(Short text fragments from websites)
• • • • •

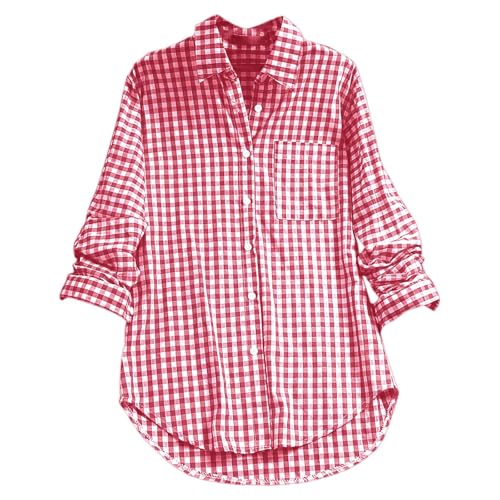 2025 Camisa casual de mujer con cuello a cuadros de manga larga estilo retro para abotonar Blusa de manga corta para mujer, rojo, XL
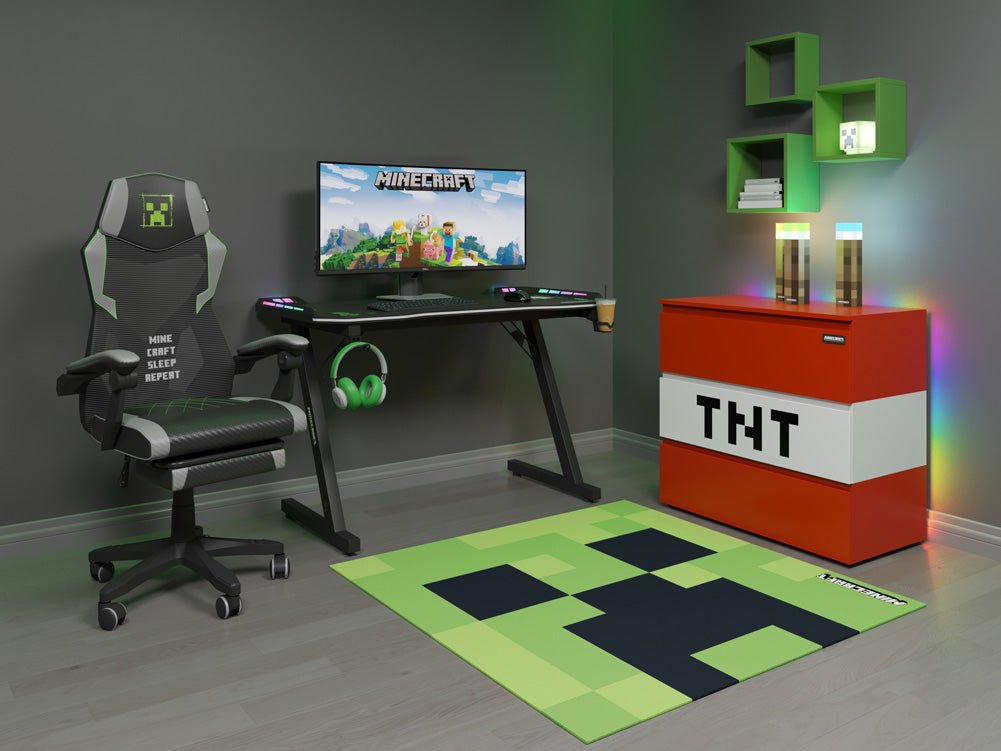 Minecraft Gaming Tisch „EnderCraft“ – mit LED, Becher- & Headsethalter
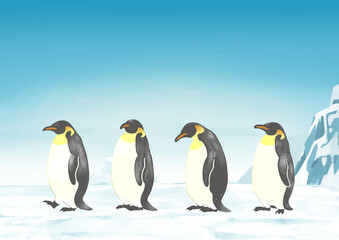 南極　一列に並ぶペンギン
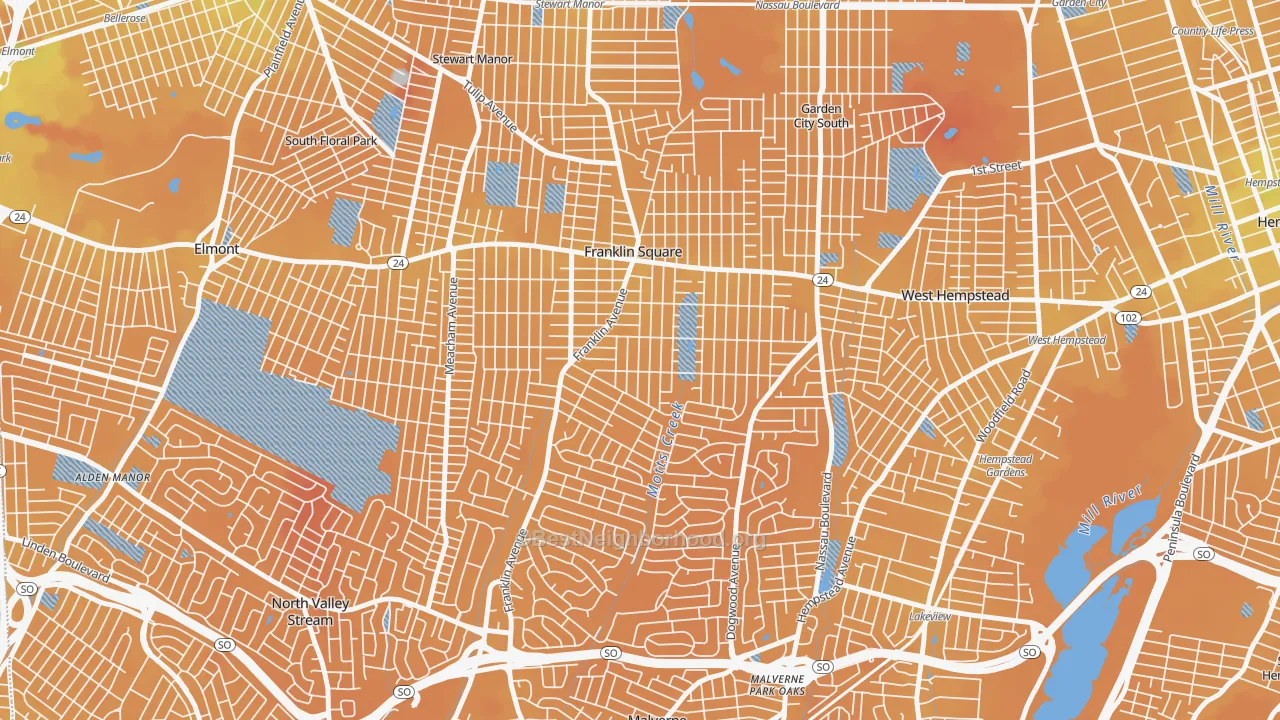 Transit Grade map of 11010, NY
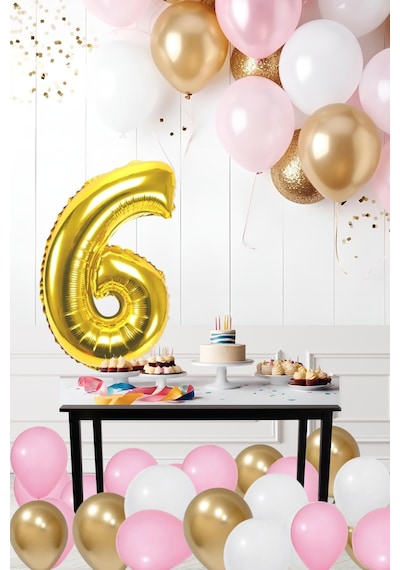 6 Yaş Retro Krom Gold Pembe Beyaz Balon Seti Gold Rakamlı Doğum Günü Balonu Şık Parti Süsleme Çok Renkli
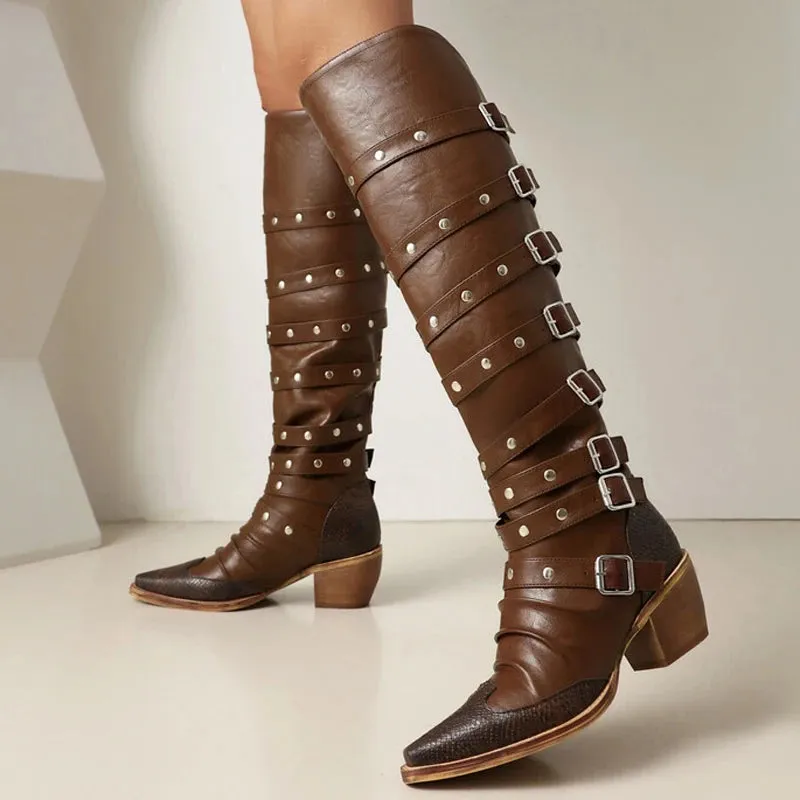Trend4us Women's Stylish Western Knee-High Buckles Boots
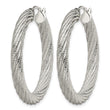 Stainless Steel Textured Hollow Hoop Earrings - Birthstone Company
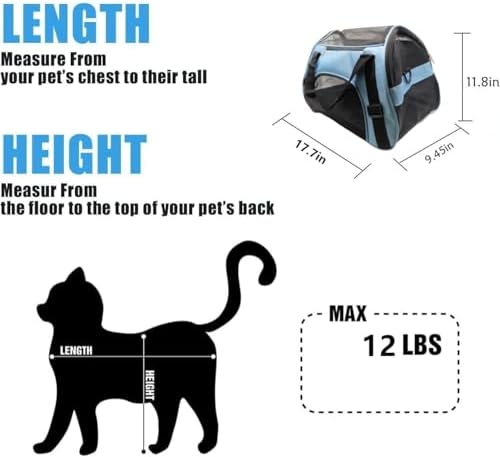 ZaneSun Cat Carrier,Soft-Sided Pet Travel Carrier for Cats,Dogs Puppy Comfort Portable Foldable Pet Bag Airline Approved (Small Blue)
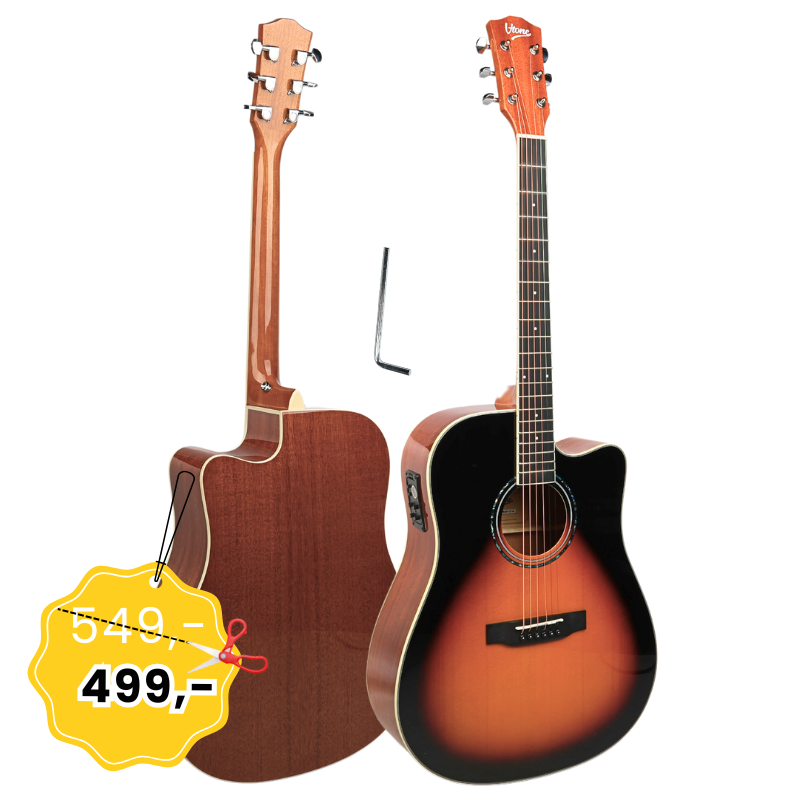 V-TONE VEAG1 CE VS gitara elektroakustyczna 4/4 dreadnought cutaway sunburst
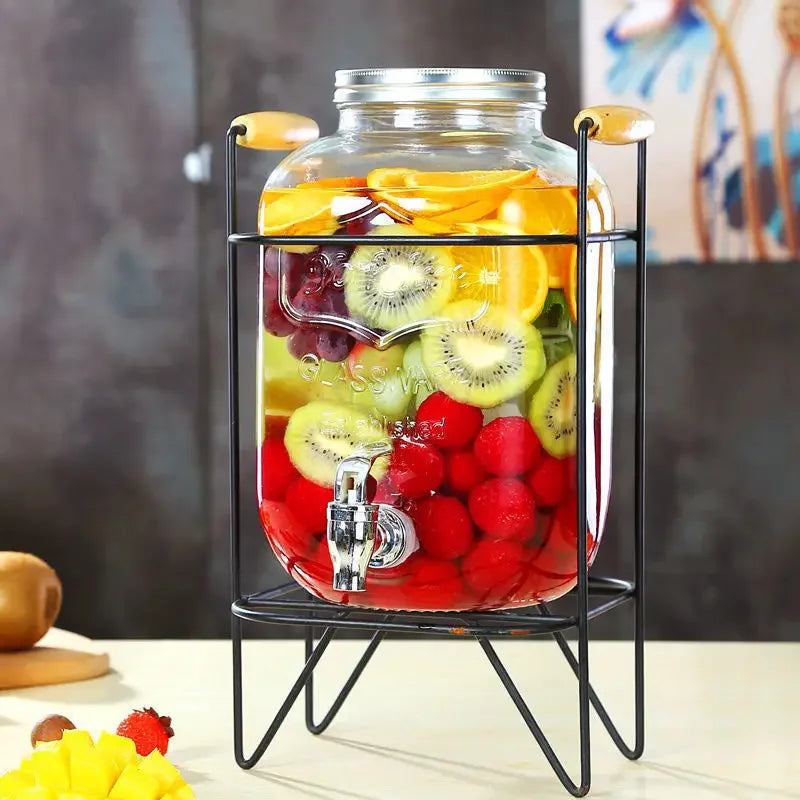 Elegant 4L Glass Beverage Dispenser with Stand & Tap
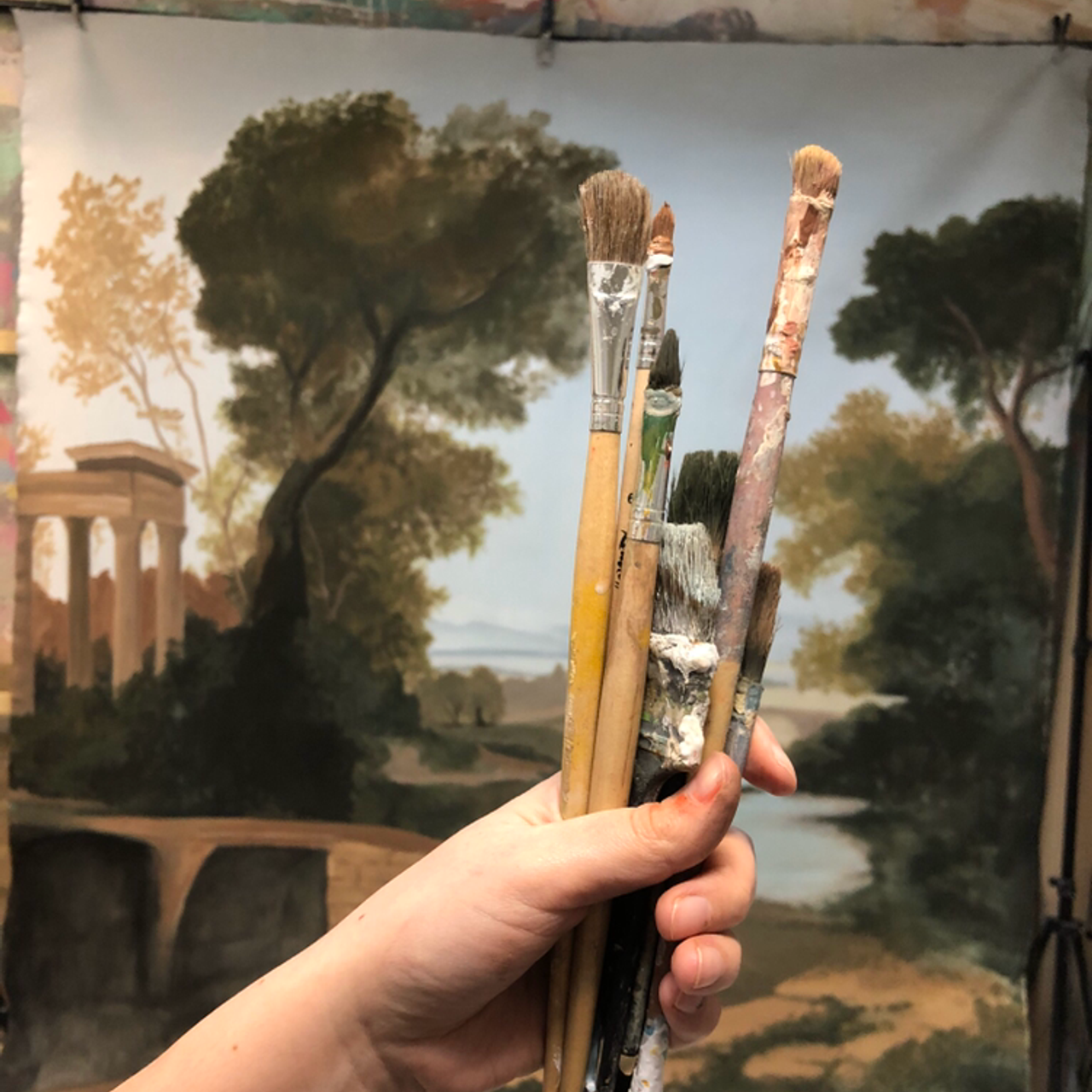 Роспись. Художественные фотофоны на холсте ручной работы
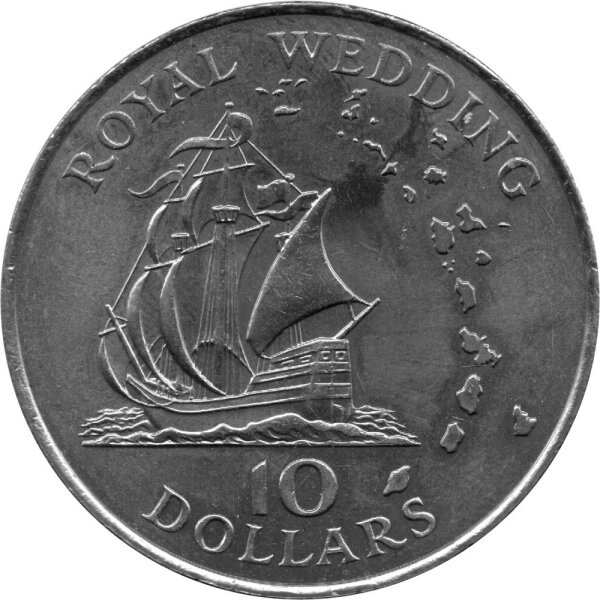 Ostkaribische Staaten 10 Dollars 1981 - Hochzeit von Prinz Charles und Lady Diana "Golden Hind" - Ku-Ni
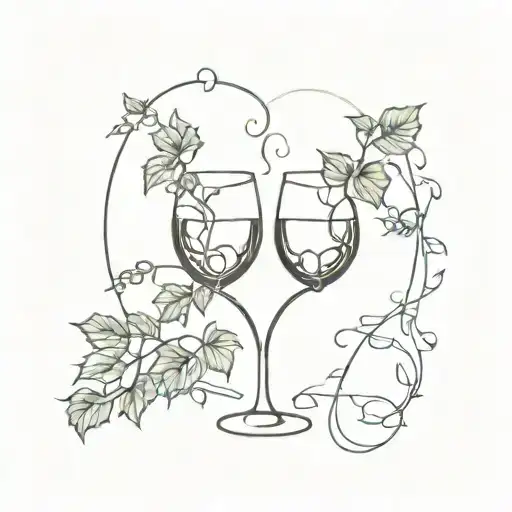 Two wine glasses with ivy around them in the shape of a heart  tattoo design idea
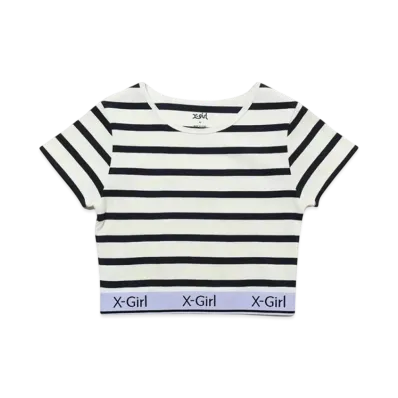 X-Girl Logo And Stripe Cropped S/S Top "Multi"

• • • • •

▸ ASSIGNMENT
What you give back must match the lines from the start of the records through the line that contains "Stainless Steel Textured", exactly, with the pictures left out.

▸ WRITTEN ANSWER
 2025 Camisa casual de mujer con cuello a cuadros de manga larga estilo retro para abotonar Blusa de manga corta para mujer, rojo, XL
 Minecraft Gaming Tisch „EnderCraft“ – mit LED, Becher- & Headsethalter
 南極　一列に並ぶペンギン
 Transit Grade map of 11010, NY
 6 Yaş Retro Krom Gold Pembe Beyaz Balon Seti Gold Rakamlı Doğum Günü Balonu Şık Parti Süsleme Çok Renkli
Trend4us Women's Stylish Western Knee-High Buckles Boots
 Stainless Steel Textured Hollow Hoop Earrings - Birthstone Company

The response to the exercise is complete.